Take the line that contains "うちのこ時々アークナイツ" and each one after it through the last line below, and retype them exactly. Leave out the pictures.

BEGIN Material provided

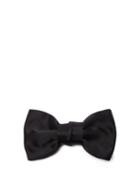 Matchesfashion.com Lanvin - Paris Butterfly Silk Satin Bow Tie - Mens - Black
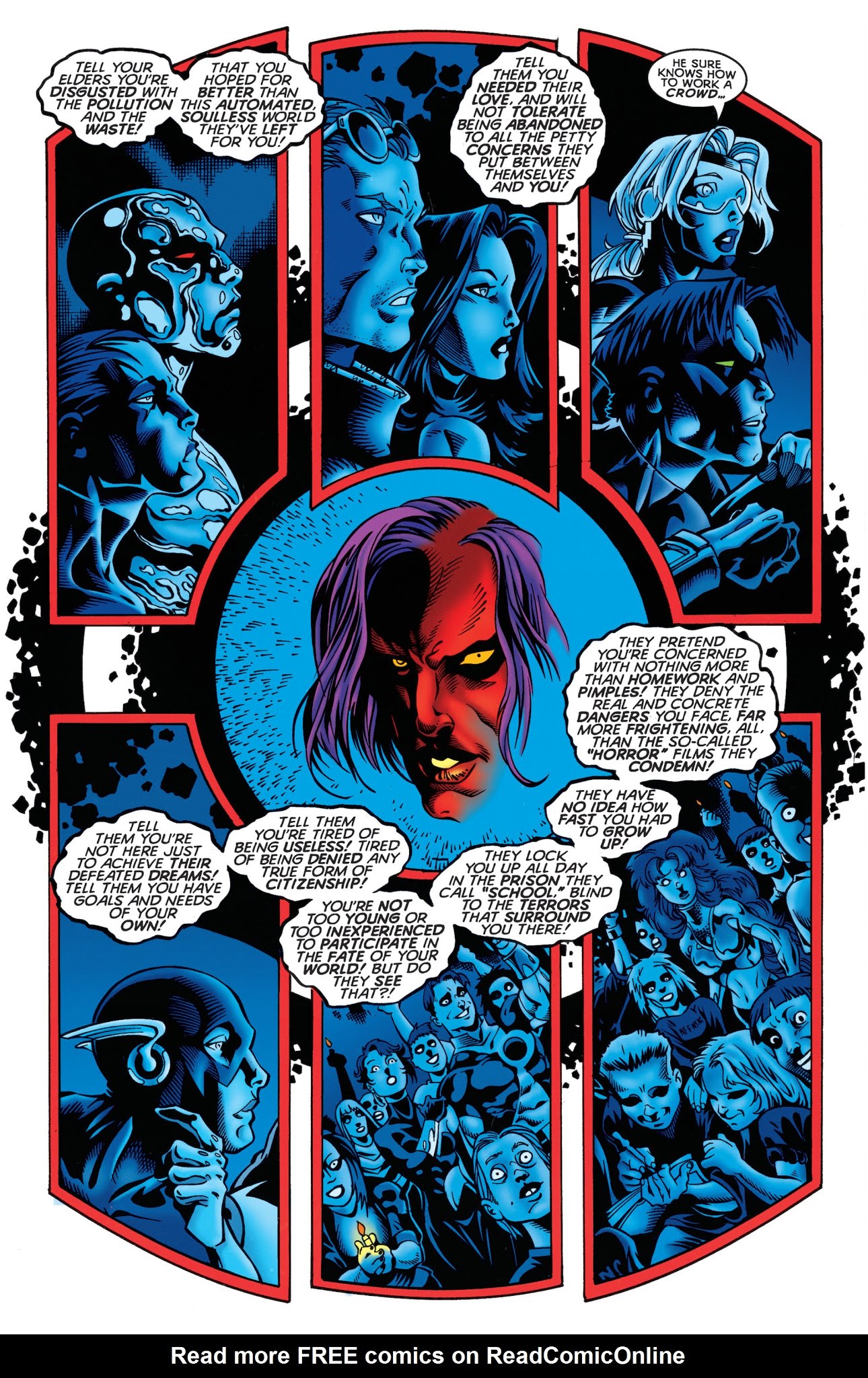 Read online The Titans (1999) comic -  Issue #4 - 7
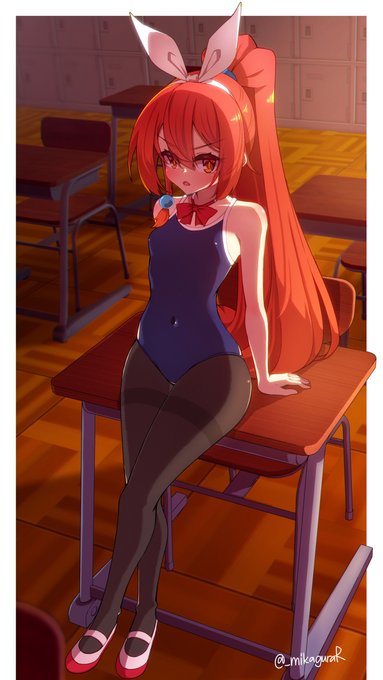 #GWはフォロワーさんが増えるらしい
うちのこ時々アークナイツ 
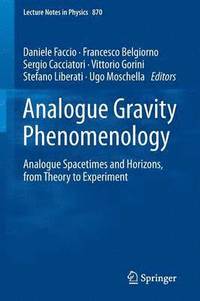 Analogue Gravity Phenomenology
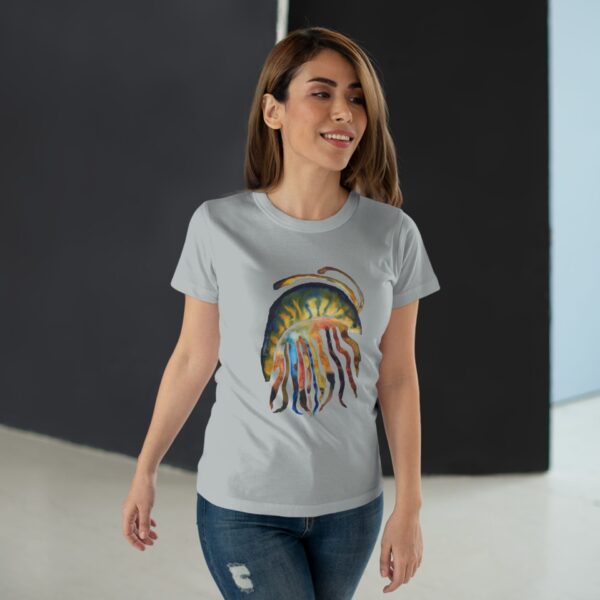 "Shrimp" Print on Women's T-shirt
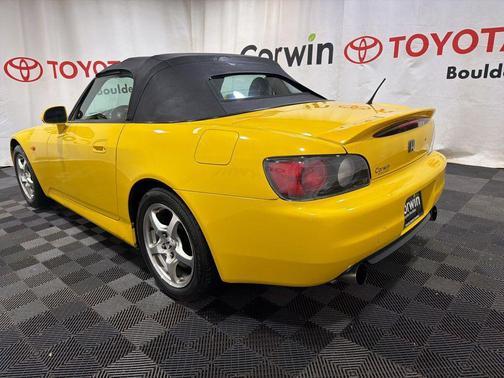 Spa Yellow Pearl 2001 Honda S2000 Base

END Material provided

● **Result of this exercise**
うちのこ時々アークナイツ 
 Analogue Gravity Phenomenology
 "Shrimp" Print on Women's T-shirt
 Spa Yellow Pearl 2001 Honda S2000 Base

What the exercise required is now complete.